Auswirkungen auf möglichen Tunnel

Diese Erkenntnis habe auch Auswirkungen etwa auf die Fernpassstraße, sagt Heißel. So wie in Reutte könnten sich auch hier plötzlich Senken bilden, mit dem jetzigen Wissen könne man aber besser reagieren. Betroffen wäre auch eine mögliche Untertunnelung des Fernpasses, sagt der Geologe. Hier müsse man mit Hohlräumen rechnen und deshalb andere Konstruktionen wählen und den Tunnel teilweise wie eine Brücke anlegen. Eine solche Konstruktion müsse nicht unbedingt schwieriger oder teurer sein, da man jetzt aber schon darum wisse, erspare man dem Steuerzahler möglicherweise viel Geld.

Die Geologen überlegen auch, einen Flug samt Laserscan in einiger Zeit zu wiederholen, um zu sehen, ob sich die Zahl der Dolinen am Fernpass erhöht oder ihre Größe verändert hat.

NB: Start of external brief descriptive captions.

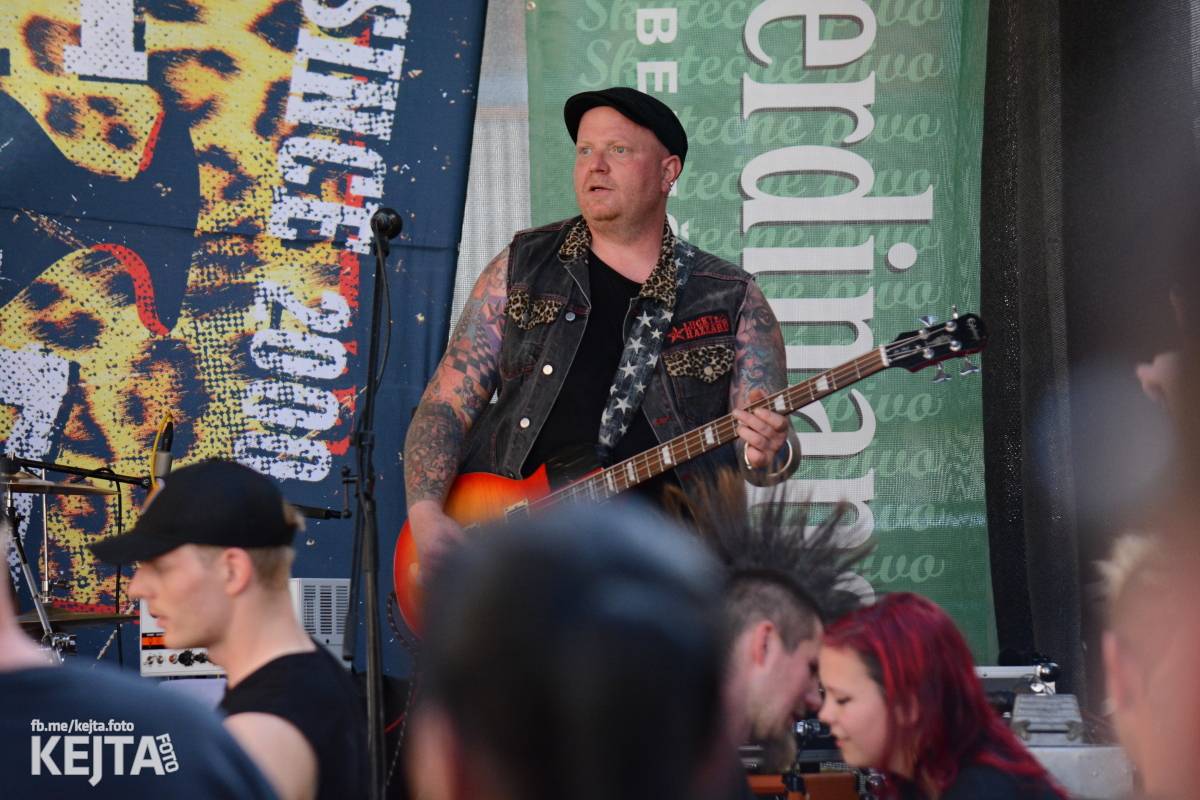 Punk Rock for Ferdinand: nejen dospěláci pařili na RV-4, The Fialky nebo !V.V.Ú.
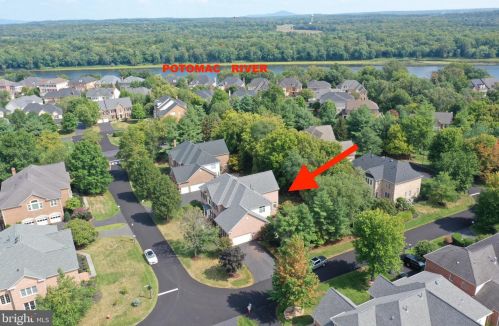 43530 Butler Pl, Leesburg VA 20176-7428 exterior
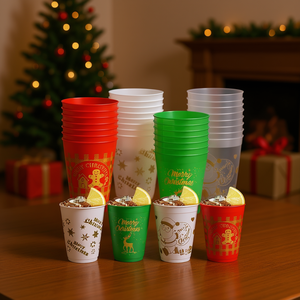 Gobelets réutilisables en plastique de Noël 16 oz avec motifs de bonhomme en pain d'épices, Père Noël et rennes pour bière, café, fournitures de fêtes - Product Image 2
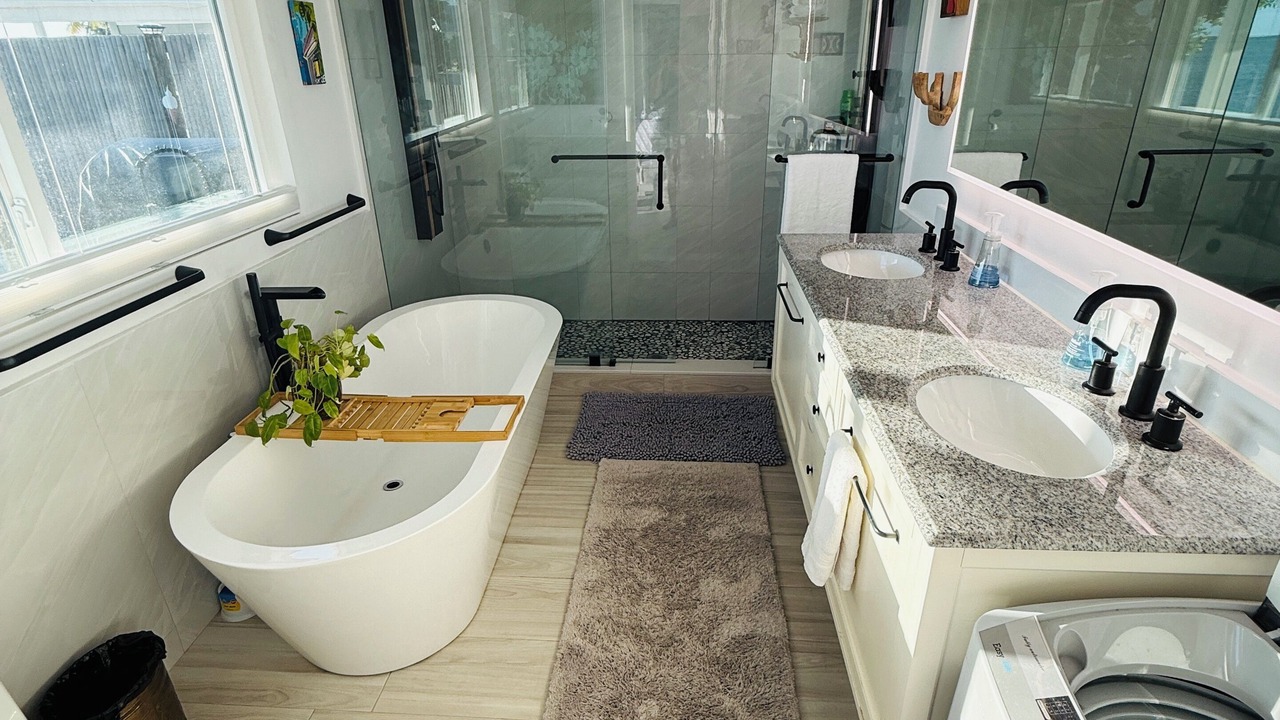 Photo of Bathroom in Bay Point
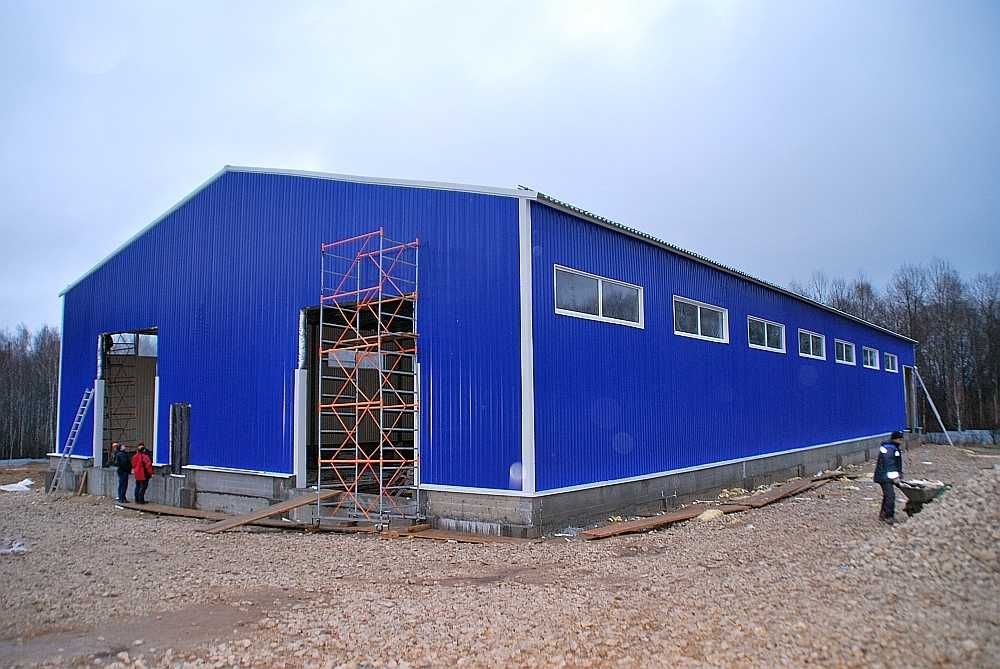 Ангар из сэндвич-панелей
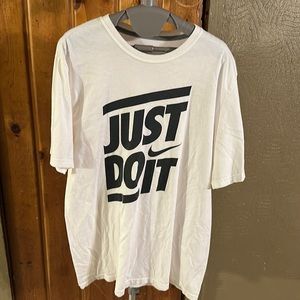 Nike Just Do It T-Shirt Size: XL Color: White / Black
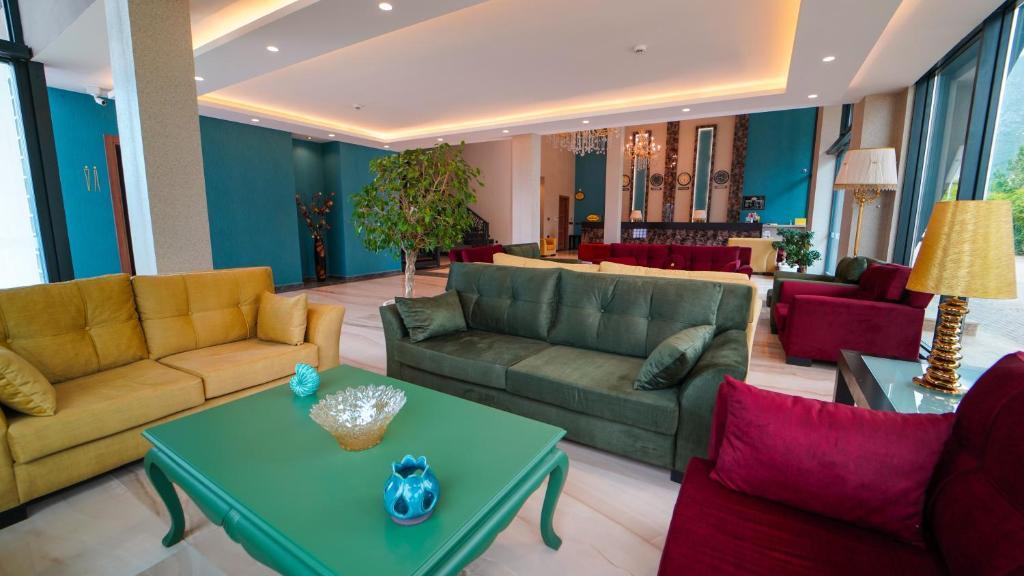 AES CLUB HOTEL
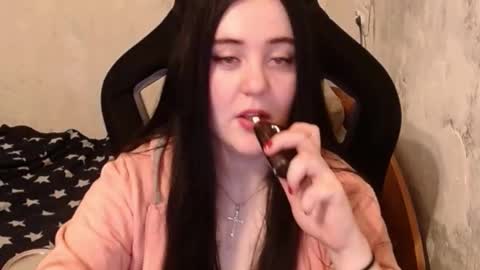 Snapshot of show_for_you chatting on December 11, 2:54 pm show_for_you online show from December 11, 2:54 pm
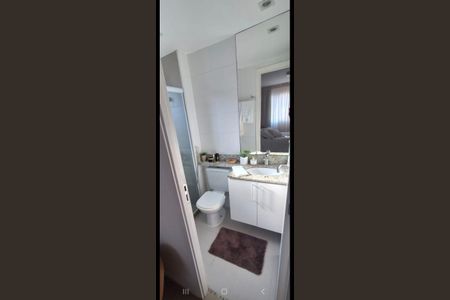 Apartamento à venda com 73m², 3 quartos e 2 vagasBanheiro da Suíte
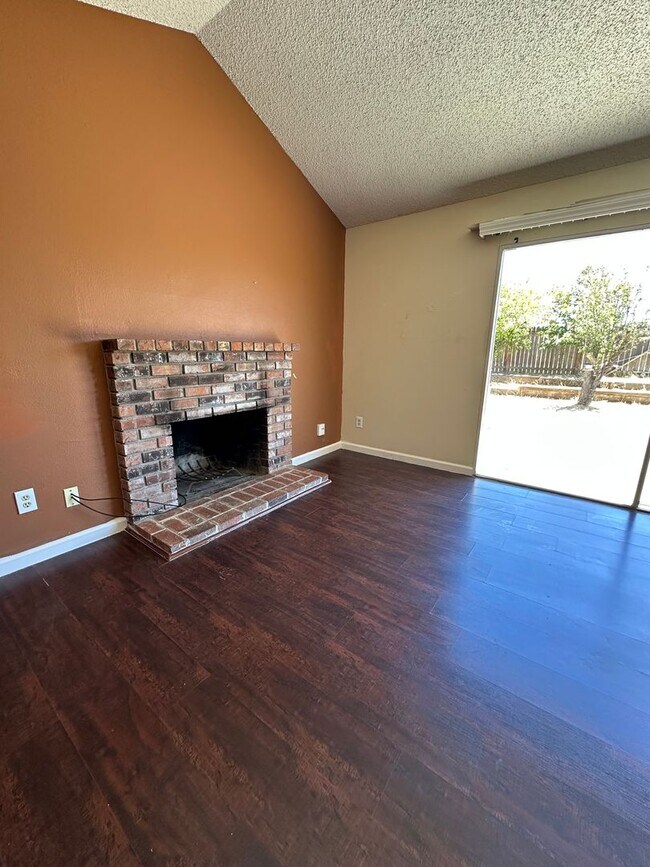 Building Photo - Cheery 4 bedroom with Spacious Yard & No R...
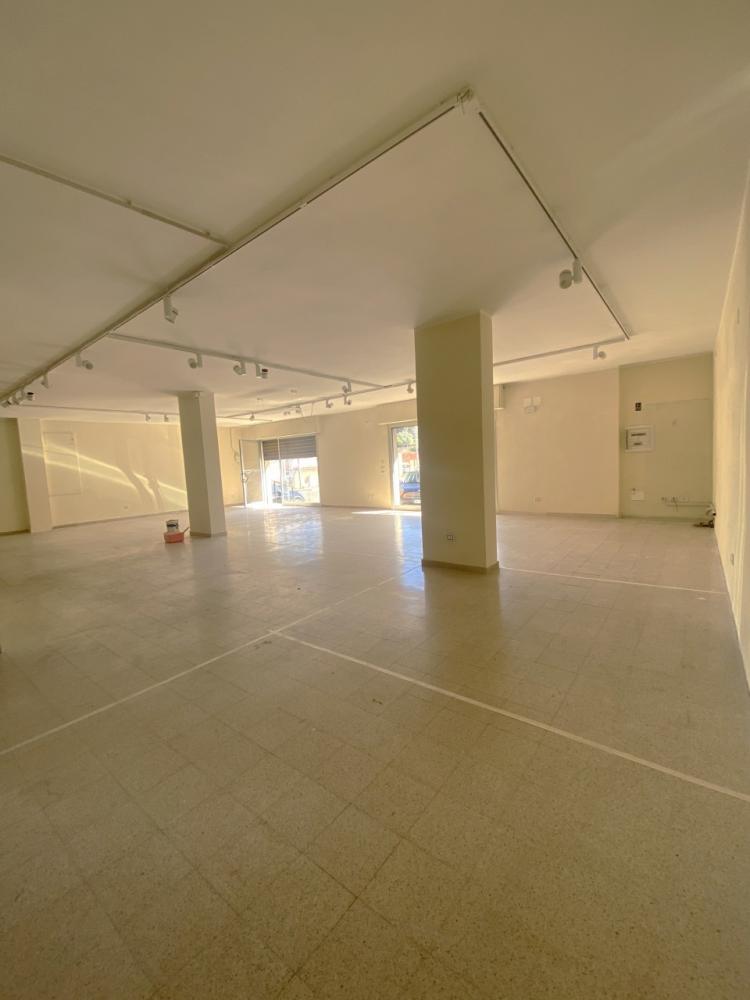 locale commerciale in affitto a Reggio di Calabria in zona Sbarre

Geologen in einem Steinbruch

Land Tirol/Landesgeologie

Geologen in einem aufgelassenen Gipsbruch bei Nassereith

Öffentlicher Abendvortrag zum Thema Bergbau

Das Geoforum Umhausen vom 15. bis 18. Oktober im Umhausener Ortsteil Niederthai findet heuer mit dem Schwerpunktthema Gipskarst statt. Am Donnerstag gibt es im Tagungssaal um 19.30 Uhr einen öffentlichen Abendvortrag bei freiem Eintritt, bei dem der ehemalige Tiroler Landesgeologe Peter Gstrein über den Tiroler Bergbau referieren wird. Dabei zeichnet er einen Bogen vom Beginn, der Blüte und den Niedergang bis hin zu möglichen Zukunftsszenarien des Bergbaus in Tirol.